Crawled caption data
--- START ---

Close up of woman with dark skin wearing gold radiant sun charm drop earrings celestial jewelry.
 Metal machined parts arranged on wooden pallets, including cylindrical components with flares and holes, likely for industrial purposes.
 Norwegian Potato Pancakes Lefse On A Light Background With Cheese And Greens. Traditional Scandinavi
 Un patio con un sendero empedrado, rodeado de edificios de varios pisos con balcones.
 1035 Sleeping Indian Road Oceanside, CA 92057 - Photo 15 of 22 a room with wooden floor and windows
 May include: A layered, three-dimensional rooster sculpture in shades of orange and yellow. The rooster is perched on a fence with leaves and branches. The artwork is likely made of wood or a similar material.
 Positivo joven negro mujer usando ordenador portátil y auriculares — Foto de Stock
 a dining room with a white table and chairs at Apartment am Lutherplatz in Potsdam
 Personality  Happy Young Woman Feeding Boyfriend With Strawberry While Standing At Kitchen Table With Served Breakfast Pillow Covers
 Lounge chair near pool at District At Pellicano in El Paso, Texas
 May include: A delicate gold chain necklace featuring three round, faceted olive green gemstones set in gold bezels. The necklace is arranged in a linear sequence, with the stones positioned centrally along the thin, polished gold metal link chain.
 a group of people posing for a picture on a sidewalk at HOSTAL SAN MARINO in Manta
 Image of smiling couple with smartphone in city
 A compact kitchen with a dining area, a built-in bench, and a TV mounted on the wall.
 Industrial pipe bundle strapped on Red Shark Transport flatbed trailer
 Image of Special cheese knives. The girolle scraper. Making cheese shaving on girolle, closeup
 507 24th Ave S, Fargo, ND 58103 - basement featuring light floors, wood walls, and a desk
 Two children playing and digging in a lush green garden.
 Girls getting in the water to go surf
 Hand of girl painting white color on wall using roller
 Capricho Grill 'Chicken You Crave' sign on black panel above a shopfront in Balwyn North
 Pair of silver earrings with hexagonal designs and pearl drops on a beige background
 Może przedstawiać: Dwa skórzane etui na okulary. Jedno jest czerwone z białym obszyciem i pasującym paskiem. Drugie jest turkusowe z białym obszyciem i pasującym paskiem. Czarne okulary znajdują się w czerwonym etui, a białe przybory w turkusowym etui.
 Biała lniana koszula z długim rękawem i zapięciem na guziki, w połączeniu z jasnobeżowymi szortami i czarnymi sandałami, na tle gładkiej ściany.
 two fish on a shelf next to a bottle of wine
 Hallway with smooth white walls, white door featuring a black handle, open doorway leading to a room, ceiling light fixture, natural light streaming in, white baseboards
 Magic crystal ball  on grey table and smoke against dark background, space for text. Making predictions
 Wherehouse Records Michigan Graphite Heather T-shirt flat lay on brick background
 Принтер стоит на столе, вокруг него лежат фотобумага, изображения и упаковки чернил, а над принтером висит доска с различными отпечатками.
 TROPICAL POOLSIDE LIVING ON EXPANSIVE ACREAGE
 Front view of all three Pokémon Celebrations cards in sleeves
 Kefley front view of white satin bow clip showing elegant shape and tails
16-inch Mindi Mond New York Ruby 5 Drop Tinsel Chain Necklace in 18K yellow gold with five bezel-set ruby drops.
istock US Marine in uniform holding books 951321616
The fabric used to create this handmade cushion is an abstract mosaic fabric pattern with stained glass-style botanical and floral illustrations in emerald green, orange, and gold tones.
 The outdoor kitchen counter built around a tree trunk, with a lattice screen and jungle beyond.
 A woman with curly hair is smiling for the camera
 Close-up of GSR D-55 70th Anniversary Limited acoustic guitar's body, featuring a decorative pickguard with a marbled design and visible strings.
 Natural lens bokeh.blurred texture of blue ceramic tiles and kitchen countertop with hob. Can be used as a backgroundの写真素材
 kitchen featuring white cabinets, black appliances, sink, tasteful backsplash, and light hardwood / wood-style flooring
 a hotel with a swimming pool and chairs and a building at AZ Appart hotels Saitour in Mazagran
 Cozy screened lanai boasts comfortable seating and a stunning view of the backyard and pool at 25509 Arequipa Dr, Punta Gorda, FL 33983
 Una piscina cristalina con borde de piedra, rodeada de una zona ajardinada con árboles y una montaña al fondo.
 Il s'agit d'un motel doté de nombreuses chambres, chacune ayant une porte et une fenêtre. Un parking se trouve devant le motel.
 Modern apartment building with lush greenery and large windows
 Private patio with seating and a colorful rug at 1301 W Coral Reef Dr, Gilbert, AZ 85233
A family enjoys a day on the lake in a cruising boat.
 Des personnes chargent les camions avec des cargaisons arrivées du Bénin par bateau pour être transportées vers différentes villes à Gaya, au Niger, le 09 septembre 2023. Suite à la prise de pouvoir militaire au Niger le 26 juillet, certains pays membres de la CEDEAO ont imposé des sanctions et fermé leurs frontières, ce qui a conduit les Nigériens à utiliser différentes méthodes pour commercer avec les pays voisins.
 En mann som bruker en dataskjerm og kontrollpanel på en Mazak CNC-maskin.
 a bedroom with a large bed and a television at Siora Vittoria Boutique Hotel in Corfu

--- END ---

▶ REQUIREMENT: From the line holding "kitchen featuring white" to the line holding "Private patio with", inclusive, restate each line above exactly as written.

▶ ANSWER BELOW:
 kitchen featuring white cabinets, black appliances, sink, tasteful backsplash, and light hardwood / wood-style flooring
 a hotel with a swimming pool and chairs and a building at AZ Appart hotels Saitour in Mazagran
 Cozy screened lanai boasts comfortable seating and a stunning view of the backyard and pool at 25509 Arequipa Dr, Punta Gorda, FL 33983
 Una piscina cristalina con borde de piedra, rodeada de una zona ajardinada con árboles y una montaña al fondo.
 Il s'agit d'un motel doté de nombreuses chambres, chacune ayant une porte et une fenêtre. Un parking se trouve devant le motel.
 Modern apartment building with lush greenery and large windows
 Private patio with seating and a colorful rug at 1301 W Coral Reef Dr, Gilbert, AZ 85233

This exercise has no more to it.